Studies on Permutation Set Manipulation Based on Decision Diagrams

(邦訳:決定グラフに基づく順列集合処理に関する研究)
 
井上 祐馬
グーグル合同会社 ソフトウェアエンジニア

[背景]ランキングなど,条件を満たす順序の全列挙
[問題]解となる順序の数の膨大さ
[貢献]全解を圧縮表現するデータ構造,構築法の提案


 日常生活の中でよく,人はモノに順序を付けることが必要になる.たとえば,いくつかの仕事を順に処理したり, Web検索の結果に順位を付けて表示したり,行きたい名所を順々に巡ったり,などは適切なモノの順序を決めたい場面の例である.数学の用語では,このような順序付けのことを順列と呼ぶ.数学的には,順列は集合上の全単射関数として定義されるため,ほかにも離散関数やマッチングなどを表現する場面でも現れる.

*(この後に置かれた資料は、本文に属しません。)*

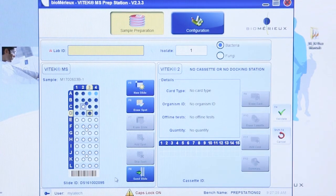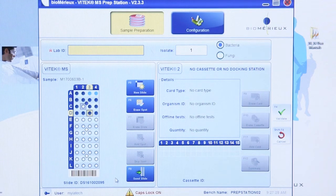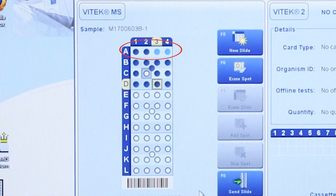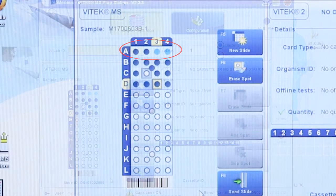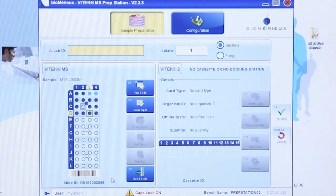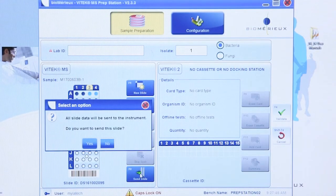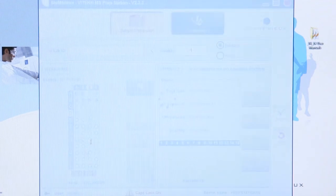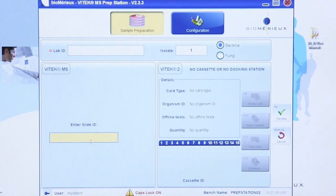In addition, verify the correct organism type was selected — either bacteria or fungi — by noting the color of the spot. Information is sent to the Vitec MS by clicking the Send Slide button. Once sent, the slide can be tested on the instrument.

 答えを順列で表せるような種々の問題に対し,“よい”順列を1つ見つけてくるような手法は,盛んに研究されてきた.たとえば,巡回セールスマン問題は“最短”で移動できるような都市の訪問順列を求める問題であり,単一機械スケジューリング問題は“最小”ペナルティとなる仕事の処理順列を求める問題である.一方で,条件を満たす順列の列挙を行うことにより,1つの順列を見つける問題を包含した,このような問題に対してより幅広い応用が期待できる.すべての解の中から最適な順列を1つとってくることもできるし,条件を満たす解の個数を数える,ランダムサンプリングを行う,追加の条件で絞り込んだものをさらに取り出す,といったことも可能となる.さまざまな条件に対し,その条件を満たす順列を列挙する研究も数多く行われてきた.これらは列挙する解の個数に依存した計算時間を要するが,解になり得る順列の個数は階乗のオーダで多くなるため,それほど大きくないモノの順列を列挙することも現実的ではなくなってしまうという問題があった.

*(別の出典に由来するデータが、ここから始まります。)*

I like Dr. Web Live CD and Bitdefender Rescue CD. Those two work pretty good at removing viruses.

 この組合せ爆発を回避するためのアイディアとして,保存・索引化に圧縮データ構造を利用することが考えられる.本研究では,湊によって2011年に提案された,順列決定グラフ(πDD)と呼ばれるデータ構造に着目する.このデータ構造は順列の集合を圧縮して省スペースで表現できるのみならず,順列集合間の二項演算をサポートしている.さらに,保存している順列に対する書き換え操作や条件絞り込み操作などが圧縮サイズにのみ依存した時間で行える.すなわち,順列集合がπDDとしてコンパクトに圧縮されていれば,πDD上での操作も高速に行えることが期待できる.

 本研究の貢献は以下に要約される.

(1)種々の順列問題に対するπDD構築アルゴリズムの提案
 本研究では,さまざまな順列問題に対しπDD構築アルゴリズムを与えた.具体的には,
  • 可逆論理回路デバッグ問題への適用
  • サイクルタイプ同値類分割への応用
  • オイラー路/ハミルトン路の列挙
  • トポロジカル順序の列挙
  • パターン回避順列の列挙
が挙げられる.これらの問題に対し,πDDを適用することで既存の手法よりも効率的な解法が得られた.具体的な問題の定義や提案手法などは本博士論文を参照されたい.

(2)πDDに変更を加えた新たなデータ構造の提案と応用
 πDDの構造に変更を加えたRot-πDDというデータ構造を提案した.上述の問題のうち3つの問題において,Rot-πDDを用いることで効率が向上した.また,各々のデータ構造の効率に影響を与える順列問題の特徴について考察し,使い分けの指針を与えた.


 
 
 (2017年5月21日受付)
取得年月日:2017年3月
学位種別:博士(情報科学)
大学:北海道大学



推薦文
:(アルゴリズム研究会)


本論文では,決定グラフを用いて順列の集合を圧縮して表現する技法の研究を行い,可逆回路のデバッグやサイクルタイプ同値類分割等,順列に関するさまざまな問題に対する効率的なアルゴリズムを提案している.順列は最も基礎的な数学構造の一つであり,暗号理論等の他の分野への広い応用が見込まれるため,強く推薦したい.


著者からの一言


研究活動・論文執筆にあたり,指導教員の湊真一教授をはじめ,研究室の皆様に大変お世話になりました.おかげさまで楽しい研究生活を送ることができました.未知の問題と向き合い解決策を具現化していく経験は,今後も大きな糧になると確信しています.情報科学を通じて今,そして未来の社会に貢献すべく歩んでいく所存です.